22 Luglio 2024. In seguito a un tragico incidente, al crollo di un ballatoio della Vela Celeste, 2000 dei suoi abitanti hanno dovuto abbandonare la propria abitazione. Queste famiglie sono state ricollocate in alloggi provvisori e aspettando di poter tornare in un nuovo quartiere in costruzione a Scampia, di poter tornare in quel luogo che, a dispetto dei tanti problemi, considerano casa, che ha lasciato un segno profondo nelle loro esistenze e nello loro anime. Da qui parte La diaspora delle Vele, il documentario di Francesca Comencini che è stato presentato alla Festa del Cinema di Roma, da quelle vite che sono state strappata al luogo con cui sentivano un legame fortissimo. Il film è una produzione Cattleya e Sky Studios, in collaborazione con il Comune di Napoli e il Comitato Vele di Scampia e arriverà su Sky e in streaming su NOW nel 2026.
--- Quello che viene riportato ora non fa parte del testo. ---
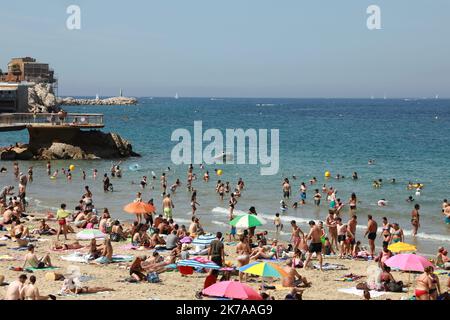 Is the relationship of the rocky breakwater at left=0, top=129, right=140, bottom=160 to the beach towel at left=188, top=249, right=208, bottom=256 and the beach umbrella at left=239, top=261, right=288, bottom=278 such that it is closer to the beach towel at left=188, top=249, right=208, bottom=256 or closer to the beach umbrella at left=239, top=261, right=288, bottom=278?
the beach towel at left=188, top=249, right=208, bottom=256

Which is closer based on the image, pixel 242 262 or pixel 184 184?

Il legame di Francesca Comencini con le Vele
In occasione della presentazione alla Festa di Roma, abbiamo potuto intervistare Francesca Comencini e ci siamo fatti raccontare, come punto di partenza della nostra chiacchierata, da dove nascesse il desiderio di raccontare quel luogo e questo particolare aspetto che lo caratterizza. "Diciamo che c'era un legame da parte mia e anche della produzione", ci ha spiegato la regista, "perché Scampia è un luogo che abbiamo frequentato, a cui ci siamo legati, girando io parte della serie Gomorra, quindi un posto che conosco, a cui ero molto legata. Mi è stato proposto da Cattleya per cogliere questo momento in cui le persone cambiavano, venivano spostate dalle loro case, questo momento difficile però anche pieno di possibilità e di speranza. E quindi per me è stata quasi una restituzione, cioè tornare in un luogo a cui ero legata e dare voce finalmente agli abitanti delle Vele, che di fatto forse non avevano avuto abbastanza, raccontare dal loro punto di vista quel luogo."
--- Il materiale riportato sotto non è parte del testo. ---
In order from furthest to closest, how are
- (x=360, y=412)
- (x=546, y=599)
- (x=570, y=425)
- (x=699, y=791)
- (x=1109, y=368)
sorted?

L'umanità del popolo delle Vele
E infatti traspare questa intenzione guardando La diaspora delle Vele, è evidente l'umanità che la regista riesce a cogliere e comunicare, sottolineando la voglia di tornare e il senso di appartenenza. "La loro idea fissa è il ritorno, loro vogliono tornare lì, quella è la loro comunità" ha sottolineato la regista, "Ed è questa la cosa veramente potente, anche universale, secondo me, di questo piccolo documentario, che avere una comunità è forse una delle cose più importanti della vita. E loro avevano una comunità là. Credo questo faccia eco in tutti e tutte noi, perché è un periodo storico in cui tendiamo a essere isolati, a essere soli, a mancare proprio di questa comunità. E loro fanno parte, si sentono visti, ciascuno con la sua storia. Per vivere noi abbiamo bisogno di una comunità e loro ce l'hanno avuta e la vogliono ritrovare. Per quanto sia problematica, quella è la loro storia, è la loro comunità." Qualcosa che ha sorpreso la Comencini, almeno per l'intensità che si rivelata nelle intervista agli abitanti evacuati dalle Vele.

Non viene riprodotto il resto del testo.